Hulu's big problem: No loyalty

As the Daily Show and Colbert Report leave Hulu, they reveal the video streaming site's greatest weakness.

Gavin Bond
There they go, walking out on Hulu. The Daily Show and The Colbert Report will leave the streaming video site next week.

Next week, The Daily Show and The Colbert Report, two of the most watched shows on Hulu, will be pulled from the website's video library.

Fans have until Tuesday, March 9, to watch these and other Comedy Central shows before they disappear from Hulu. Reruns will still exist online, but only through the cable network's official sites, and

This departure will probably cause only a small dip in traffic. Hulu's audience has grown steadily for some time now, with 1 billion video views a month – second only to YouTube.

But the Comedy Central announcement highlights an enduring problem for Hulu: loyalty.

The only reason Hulu has come this far is because NBC, Fox, and ABC joined forces to create the site and test the online waters. In a way, Hulu is guaranteed content from those three networks. Expanding its catalog into movies and cable shows, on the other hand, is an uphill battle.

Building a new business out of an old industry is tough work. Hulu promised viewers TV shows anytime, anywhere. What it found was onion-like layers of entrenched companies that liked the old system just fine. Offering shows anytime might take away advertising money from the original broadcasts. Offering them anywhere – and for free, no less – might push cable customers to cancel their subscriptions.

Even companies that "get" online video, such as Comedy Central, don't need Hulu.

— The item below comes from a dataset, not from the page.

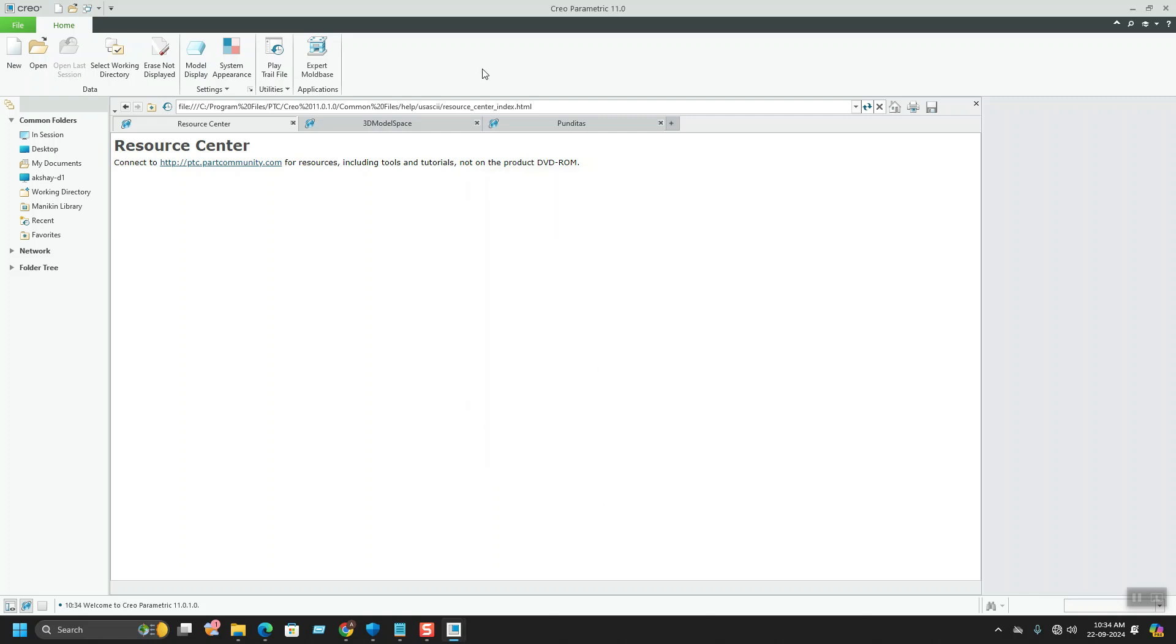This is the part for the installation. I hope you enjoyed. You can start using CREO 11 further now. Thank you guys, thank you for watching.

"Rumor has it that Viacom wanted significantly more money to host the two shows, possibly even including payment up front (which would be a first for Hulu)," writes Fast Company. "One other possibility: Hulu is owned in part by ABC, NBC, and Fox--but not Viacom, which may mean that Viacom feels less obligation to see the service succeed. In any case, Hulu was unable to match whatever demand Viacom presented, and Viacom opted to just yank its content."

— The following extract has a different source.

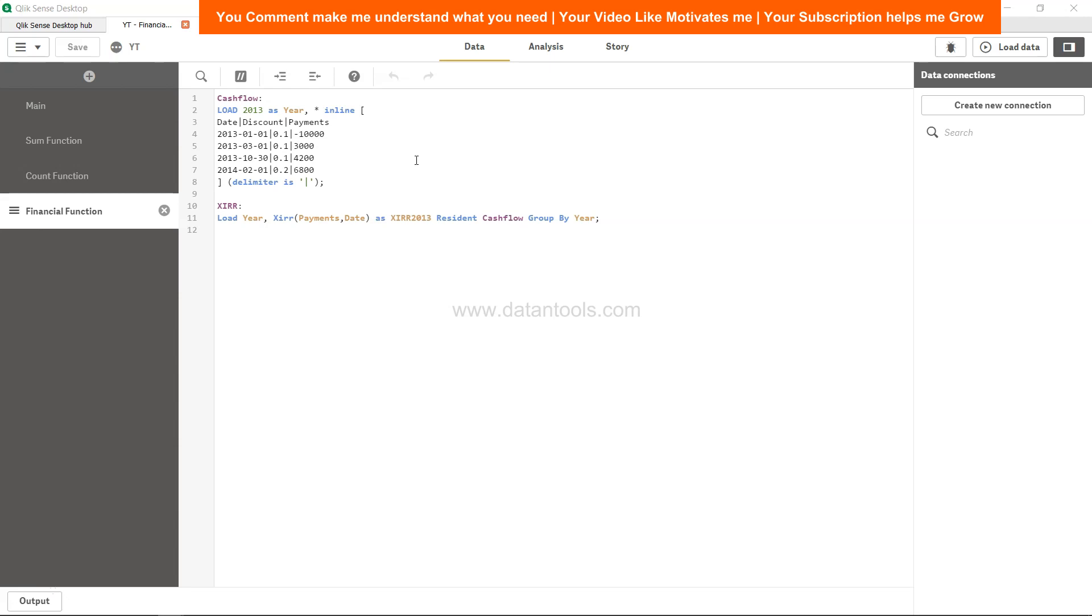That's about it, how you can calculate the XIRR. I'll now meet you in the new video with a new topic.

For further evidence of Hulu's position of weakness, check out the company's overly cordial (almost pleading) press release about the Comedy Central withdrawal.

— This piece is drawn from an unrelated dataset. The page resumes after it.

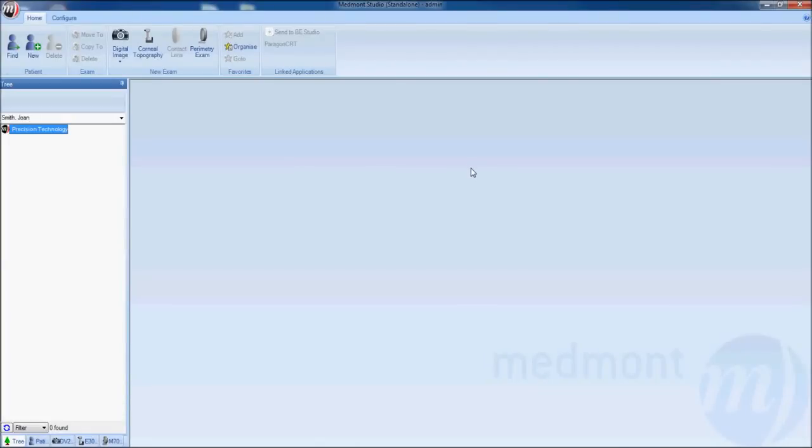This is video 3 on the fundamentals of capture with your MedMont E300 corneal topographer. Start by creating a new patient. Click on the home and then new.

"When a show is about to cycle out, we try our hardest to ensure that users who have subscribed to the show or have episodes of the show in their queue are notified in plenty of time so that they can catch up before the series sunsets," says Hulu exec Andy Forssell. "But typically we don’t recognize these expirations in any larger way than that, as it’s a fairly regular occurrence. Today, though, I want to recognize a couple of our favorite shows that are leaving the service for now, shows that we love so much that we simply can’t let them go without a more public and fond farewell."